SSH Agent Debug Report
Vault: Personal Vault (share-id-123) Valid SSH Keys (2):
   my-github-key
    Algorithm: Ed25519
    Fingerprint: SHA256:abc123...

   work-server
    Algorithm: RSA-4096
    Fingerprint: SHA256:def456...

✗ Invalid Items (2):
   old-encrypted-key (SshKey)
    Reason: SSH key is encrypted but no passphrase found in custom fields

   my-gmail-login (Login)
    Reason: Not an SSH key item (type: Login)

Summary:
  Valid SSH keys: 2
  Invalid items: 2
  Total items checked: 4

JSON output

You can also get the output in JSON format for scripting purposes:

pass-cli ssh-agent debug --vault-name MySshKeysVault --output json

This will output structured JSON data with the same categorization and details.

Troubleshooting

ssh-copy-id fails due to having many ssh keys loaded and doesn't prompt for a password

A usual flow with a SSH agent is making sure we can log in with our SSH keys onto a new server, which is usually either done by:

  1. The sysadmin adding our public SSH key for the desired remote user.
  2. Ourselves performing a ssh-copy-id identifying with password for the first time in order to copy our SSH keys into the authorized_keys file.

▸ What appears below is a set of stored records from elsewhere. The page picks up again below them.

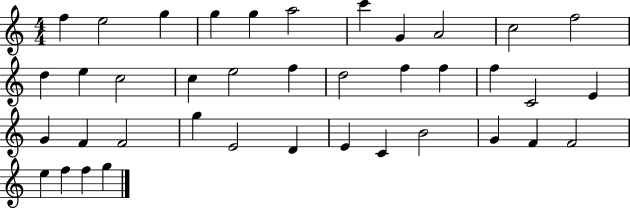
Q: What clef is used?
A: treble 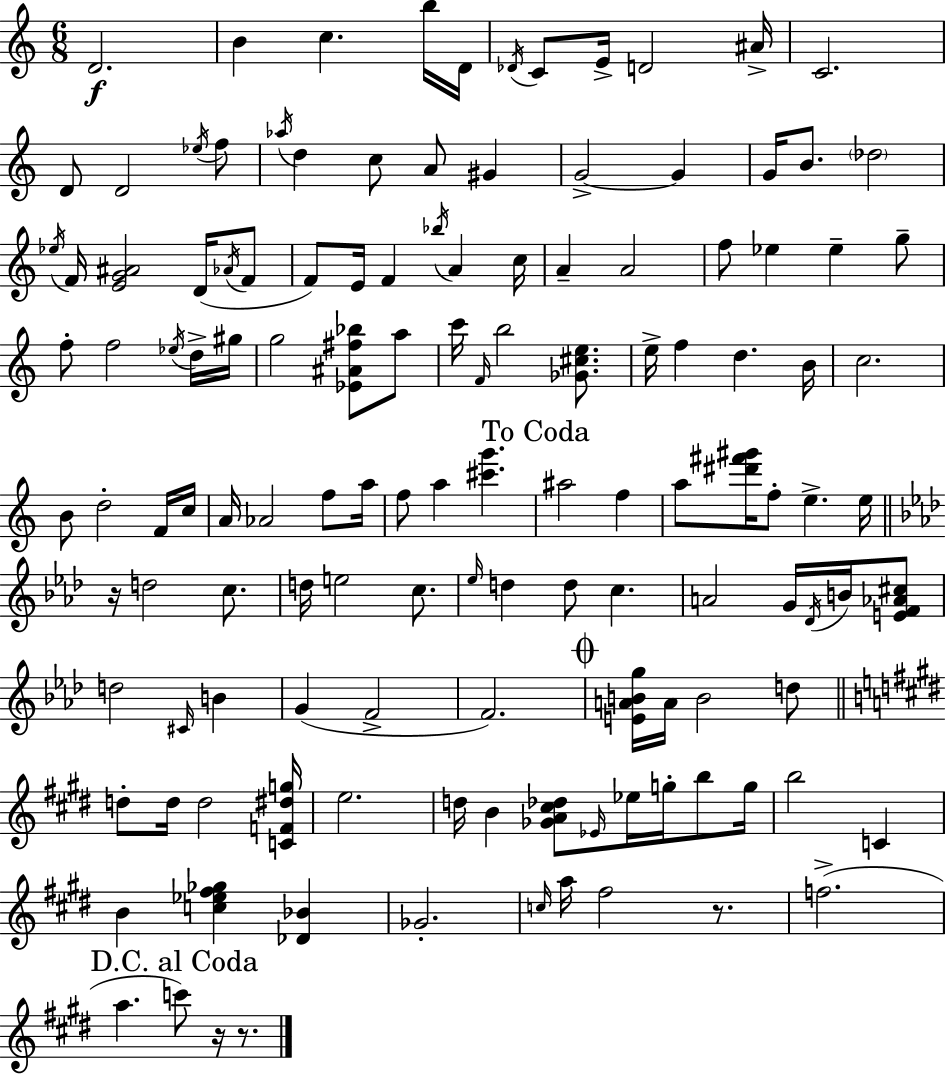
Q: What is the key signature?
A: A minor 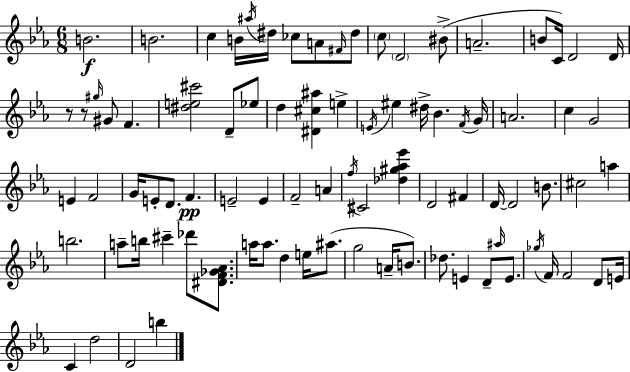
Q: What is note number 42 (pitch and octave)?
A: E4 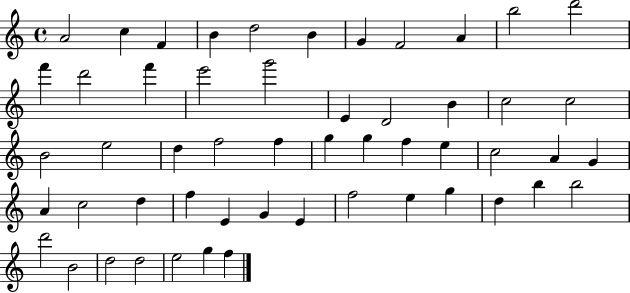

For the second case, in case our SSH agent holds many SSH keys, when performing ssh-copy-id it will first try to authenticate using the SSH keys it holds. If the remote server has a limit on the maximum number of authentication attempts, it's possible that we don't even get to the step where we are prompted for our password. Take into account that, from the server's point of view, each SSH key the SSH Agent holds just looks like an authentication attempt, so it's like we are just trying to brute-force the login.

In order to force the ssh-copy-id command not to use the SSH keys of the agent, we can do it with the following command:

ssh-copy-id -o PreferredAuthentications=password -o PubkeyAuthentication=no [rest of arguments]

With these configurations, we explicitly say that we want to use password-based authentication and that public-key authentication should not be performed.

An example of a complete command could be something like:

ssh-copy-id -o PreferredAuthentications=password -o PubkeyAuthentication=no -p 2222 user@server

Identities removed from the SSH agent keep reappearing

If you are using our SSH agent and you run ssh-add -L you will be able to see all the SSH keys that are loaded into the agent. Our SSH agent supports some of the ssh-add commands. You can run commands like ssh-add -D to remove all the loaded SSH keys from the agent. However, take into account that our SSH agent periodically refreshes the available SSH keys, so in case you run ssh-add -L from time to time, you would see them reappearing. If that's a common flow you use, you should probably take a look at our ssh-agent load command to load your SSH keys stored in Proton Pass into your already-existing SSH agent.